Now, something similar is happening in coarse fishing, but the results may prove less benign. A burgeoning interest in fishing for carp, the biggest freshwater species in Britain, began in the late 1980s. The ending, in the mid-1990s, of the close season on stillwaters and hence the coming of year-round angling on most places except rivers, accelerated it. Today commercial coarse fisheries — old lakes, disused gravel pits, specially dug and stocked holes in the ground — are doing huge business. Each week hundreds of thousands of coarse fishermen pay from £5 to £20 a day to fish them.
Competition between these fisheries has led to many attractions — waterside parking, refreshment facilities, tackle shops, bait supplies and all else — being introduced to draw in custom. More to the point, very large carp are now routinely stocked to attract those wanting to catch them and the stocking of smaller species at great densities has become commonplace.
On the big-fish waters the result is instant whoppers. Elsewhere, the result is more fish needing to find food and so becoming easier to catch. It has given the many anglers who fish them — although just as many disdain them because of their artificiality — the kind of results of which, in a natural setting, they could never have dreamt.
Now here’s the rub. Unlike trout fishing, which has been through this cycle and come out the better for it, coarse fishing is in the middle of it and appears to be threatened by two long-term problems. One is the impact of commercial waters on the numbers fishing rivers, the other the impact on angling numbers as a whole.
Much river fishing involves walking, often considerable distances. On many reaches the fish can be unevenly spread and difficult to find. When found, these fish have appetites attuned to what a natural environment can provide and when they eat it is with a wild fish’s caution.
Variations in flow can make tackle-control difficult and bites tricky to spot. Consistent success on rivers is hard won: it takes effort and knowledge and tactical skills — and it cannot be guaranteed. Now signs are emerging that easily reached, customer-friendly and instantly gratifying stillwaters are taking anglers away from rivers.
John Williams, secretary of the Birmingham Anglers Association (BAA), is the latest to say that his organisation is feeling the pinch. Williams said last week that whereas in the 1970s the BAA had more than 1,000 Midlands angling clubs — most of them offering river fishing affiliated to it — the total today was 250. A lot had fallen out through natural attrition and other causes but the commercials had sucked away thousands of one-time individual members — and many affiliated clubs.
“Lots of youngsters have never used a conventional rod and reel or fished a shallow, fast-flowing stream,” Williams said. “Small commercials are all they know. All they have to do is ship out their pole and catch a carp. It makes it very easy.”

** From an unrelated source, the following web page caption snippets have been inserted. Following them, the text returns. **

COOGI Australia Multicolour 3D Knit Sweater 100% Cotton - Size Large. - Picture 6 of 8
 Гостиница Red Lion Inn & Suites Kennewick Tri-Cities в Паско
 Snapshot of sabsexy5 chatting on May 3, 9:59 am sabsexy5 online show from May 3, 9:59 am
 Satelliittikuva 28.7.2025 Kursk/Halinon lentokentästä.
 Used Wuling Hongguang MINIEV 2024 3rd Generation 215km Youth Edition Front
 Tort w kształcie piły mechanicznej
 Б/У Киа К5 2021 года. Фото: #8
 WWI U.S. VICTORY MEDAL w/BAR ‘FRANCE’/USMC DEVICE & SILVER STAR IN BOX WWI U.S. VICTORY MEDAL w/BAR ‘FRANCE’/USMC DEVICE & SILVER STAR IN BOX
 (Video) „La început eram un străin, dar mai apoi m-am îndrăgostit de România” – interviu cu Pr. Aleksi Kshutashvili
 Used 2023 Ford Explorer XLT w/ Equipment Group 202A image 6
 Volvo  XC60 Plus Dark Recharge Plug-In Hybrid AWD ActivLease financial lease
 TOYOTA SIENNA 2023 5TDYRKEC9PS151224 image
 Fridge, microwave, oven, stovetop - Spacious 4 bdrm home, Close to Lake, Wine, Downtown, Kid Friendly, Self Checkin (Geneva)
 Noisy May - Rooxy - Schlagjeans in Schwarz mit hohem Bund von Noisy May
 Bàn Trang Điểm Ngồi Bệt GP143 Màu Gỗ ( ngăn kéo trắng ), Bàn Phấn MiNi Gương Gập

This apparent drift from rivers to stillwaters may in due course be exacerbated by a fall in angling’s numbers. One of angling’s appeals is its sheer unpredictability. In natural situations, the angler rarely knows when a bite is coming or what species and size of fish may result. When a net full of fish is taken or a whopper is landed, the elation and sense of achievement are real. The frustrations that surround such days are what validates them. Disappointment and frustration are normally as much part of an angler’s baggage as split-shot and floats.
Heavily stocked commercial fisheries, with their guarantees of success, do away with all of this. And over time, it seems reasonable to ask, if there are no blank days and problems to be overcome — what then? If landing a hundred roach or several dozen bream becomes an everyday event, or if monsters are regularly landed not because they are hard won but because only monsters are stocked in that place, from whence comes the sense of achievement and how can interest be sustained? Just as occasional success thrills, glut surely deadens.
It is against this background that the long-term flow of youngsters to the sport — its very lifeblood — seems threatened. More and more, young people are being introduced to angling through the commercial fisheries because early success is deemed vital in hooking them. But young people have naturally short attention spans and today have myriad other attractions. Muddy old angling, out in the sticks and offering fish that will bite if they are merely asked, may seem to hold little in the way of challenge and excitement.
It is not difficult to see angling becoming less something to be explored and mastered over a lifetime than to be transiently experienced on the way to the next thrill. And so it could be that, over time, potential recruits brought in through the commercial route will soon turn away, bored. If they do, then rivers will suffer still more, trout fishing will lose a traditional source of recruits and angling’s overall numbers — the sport’s greatest single strength — will go into decline.
None of this is yet certain, but there are straws in the wind. Commercial trout fisheries proved a benefit to angling. Commercial coarse fisheries may not prove the same.